Sergiy Khlan, an aide to the administrative head of the Kherson region, told Ukrainian TV a turning point had been reached, and the region “will definitely be liberated by September”.
1. Russian missile strikes hit civilian targets, port infrastructure in Odesa and Mykolaiv
Russia targeted Ukraine's Black Sea regions of Odesa and Mykolaiv with airstrikes on Tuesday, hitting private property and port infrastructure along the country's southern coast, the Ukrainian military said.
The Kremlin's forces used air-launched missiles in the attack, Ukraine's Operational Command South said in a Facebook post.

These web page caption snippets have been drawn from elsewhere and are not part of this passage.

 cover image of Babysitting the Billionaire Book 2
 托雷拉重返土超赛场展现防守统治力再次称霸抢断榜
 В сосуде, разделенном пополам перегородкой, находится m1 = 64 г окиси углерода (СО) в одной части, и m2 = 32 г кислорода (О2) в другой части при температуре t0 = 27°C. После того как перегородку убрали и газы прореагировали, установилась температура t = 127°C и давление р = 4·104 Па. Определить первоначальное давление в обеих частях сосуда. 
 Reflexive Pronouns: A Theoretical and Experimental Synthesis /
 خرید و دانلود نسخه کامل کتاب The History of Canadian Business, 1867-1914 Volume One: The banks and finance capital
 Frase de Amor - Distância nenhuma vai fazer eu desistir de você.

In the Odesa region, a number of private buildings in coastal villages were hit and caught fire, the report said. In the Mykolaiv region, port infrastructure was targeted despite the agreement Moscow and Kyiv signed last week that was intended to allow grain shipments to resume from Ukraine's Black Sea ports.
Hours after the strikes, a Moscow-installed official in southern Ukraine said the Odesa and Mykolaiv regions would soon be "liberated" by Russian forces, just like the already occupied Kherson region further east.
The bombardment continued on other fronts, with Russian missiles claimed to have destroyed a school in Donetsk.
Capturing the rest of the eastern industrial region of the Donbas remains the Kremlin's priority, although the recent escalation in missile attacks and shelling across the country signifies a possible offensive in the making, Ukrainian authorities have warned.
2. Mayor of Kramatorsk says 'very difficult winter' is ahead
The mayor of Kramatorsk, the last major city in the Donbas region still under Ukrainian control, said on Tuesday that the winter will be "very difficult" because of the damaged gas pipelines and the need to heat the 60,000 people still living there.
Kramatorsk, which had 150,000 inhabitants before the war, is the last administrative centre still under Ukrainian control in the east. Targeted by Russian forces, the town is regularly bombed.
"This winter will be very difficult. The whole Donetsk region is without gas and if the front line remains where it is today, it will not be possible to repair the damaged pipelines," its mayor Oleksandr Honcharenko told AFP.
The lack of gas would also force the authorities to cut off the water supply, which will freeze in winter due to the sub-zero temperatures in the region.
According to him, most of the 60,000 inhabitants of Kramatorsk who have decided to stay are elderly: "They would rather die than leave.
Ukrainian units need to push back Russian troops by at least 20 kilometres to make possible repairs to the gas pipelines, which will be difficult without new arms deliveries from Kyiv's Western allies.
"We need air defence systems to stop all those missiles and more artillery to stop the Russians on the front line, otherwise they will advance," Goncharenko said.
"They only advance one kilometre in a week or two, but they are coming. And with only Kalashnikovs, it is not possible to stop them," he argues.